Interview with Anika Roach

Tell me about your work

I was really feeling nervous because it's really changing right now. So originally, I would have said, it's about the narrative surrounding black people in a way that encompasses the variety. And just creating stories that feel true and interesting to me. And that was very much me looking outwards, and observing things and seeing certain behaviours and patterns, and then observing them, internalising them and then reacting to them in a painting. And the paintings were mappings of my ideas and thoughts to do with these moments, and sometimes excavating a particular history about football, for example.

So I was really into Justin Fashanu, I don’t know if you know him.

Yeah, the gay footballer

I think when I first got into that, it was because the Euros were on. It was June 2021. I was noticing how there were these LGBTQ flags, but there are no gay footballers that I know. I couldn’t name one. So I was thinking, has there ever been one? And then I found him. And so I work like that. I see something, I recognise something, then I work backwards. And then I use the painting to figure it out, exploring it in this way that feels like I can connect and maybe other people could also connect. It's always about thinking bigger and broader. But now it's more like I'm looking inwards, which I guess everyone does at one point. I'm starting to analyse why I was looking at those particular things and how they relate to me and my identity. And not even me questioning my gender identity, but just looking at myself in this way that you don't do until you get to a certain age. I feel like I spent so much time going, going, observing, observing and taking it in. And then you’re like, wait, you know? So that's where I'm at now. And that's why I feel like the work has changed a lot. And the pace has slowed down because to look at yourself and think about yourself is so long (laughs). So, yeah,  that’s what I’m doing now,  looking at myself, looking at my own histories and how they relate to how I see the world now.

Do you think that the switch from a more observational method to a more introspective perspective has changed the style of your painting? And if so, how?

I think it has. Before, all my paintings were about the figure, the physicality of the body. Even in the size of the painting I would always relate them to how they would feel with a person standing next to it. It was always about the body. And it still continues to be, I still make figurative paintings, but I'm looking at animals more, and looking at landscapes more, and building out the narrative.  A lot of the time before it was a figure in a nondescript abstract space. And now, I’ve created a world for the figure. So in terms of myself, I'm placing myself in a narrative in a sense. And in my work it allows me to root the ideas, root the figures and root the story.

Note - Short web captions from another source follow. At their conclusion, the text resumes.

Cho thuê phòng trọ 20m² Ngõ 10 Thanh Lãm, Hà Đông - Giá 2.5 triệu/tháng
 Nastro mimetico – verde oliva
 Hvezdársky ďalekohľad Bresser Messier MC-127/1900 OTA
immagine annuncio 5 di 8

Even the work that you showed in Manifold Deluxe, it is kind of like a zoomed in moment, right? There's no real context.

Yeah. And I’m starting to understand myself, and to understand myself in context. So that's why everything is starting to zoom out. I still do those crops, but I haven't done one in a while. I'm more interested in creating a scene.

You’re obviously a multidisciplinary artist and we always speak about film, writing, photography painting. How do you see all of these things within your practice?

I'm a person that gets bored. Not even bored, but I get a lot of energy. And it needs to go somewhere. The paintings at the moment are requiring slower energy. So I’m like where can I turn my energy? Okay, let's go to the writing. The writing can be kind of furious. Then I have this other energy where I want to edit and be very specific. And then I'm now into etching.  So I think I have all these opposing energies and it’s just about finding spaces to put them because I just need to make all the time. I just like to make things and I have all these ideas. And I just need to see them. I think I really look at the world a lot and I internalise a lot of what's happening, and then I need to get it out. Otherwise, you go crazy, you know. This is gonna sound so lame (laughs) but I think I'm just very sensitive to everything that goes on. And so when I take it all in, I have to figure out where to put it.

I think of the work you showed in Manifold as an interactive work. I was just wondering about the new direction you’re going in, and how you feel about putting more introspective and internal works into the world? How do you reconcile something that feels very personal and introspective with an audience?

I wish that both can be true; you can make internal work that people can interact with. I still want to do stuff like the work in Manifold, where people can interact, and they can engage, because I think this is where it's at, when anyone can go into a gallery and connect. With the hand one, it was kind of from the football research, and I was also looking at the history of voguing and hand movements. There's a stereotype of gay guys, that they had limp wrists and I was kind of breaking down the history and figuring out that it's actually more of a class thing to do with them not working. And they would say they're gay. But back in the day gay was not like homosexual. They were just dandies. They didn’t work. They were bohemian. They were like living a certain lifestyle. So I was thinking about how things can be taken out of context and new histories can be created. The idea that a hand movement can be gay, and then you're like, well, is it gay? If you look at something minutely, then you'll realise that it's just quite stupid.


What does Manifold mean to you?

I was really excited when we first started talking. I was looking for something like that. I think it's like the start. It's the beginning, point one, and then all these things can come from it.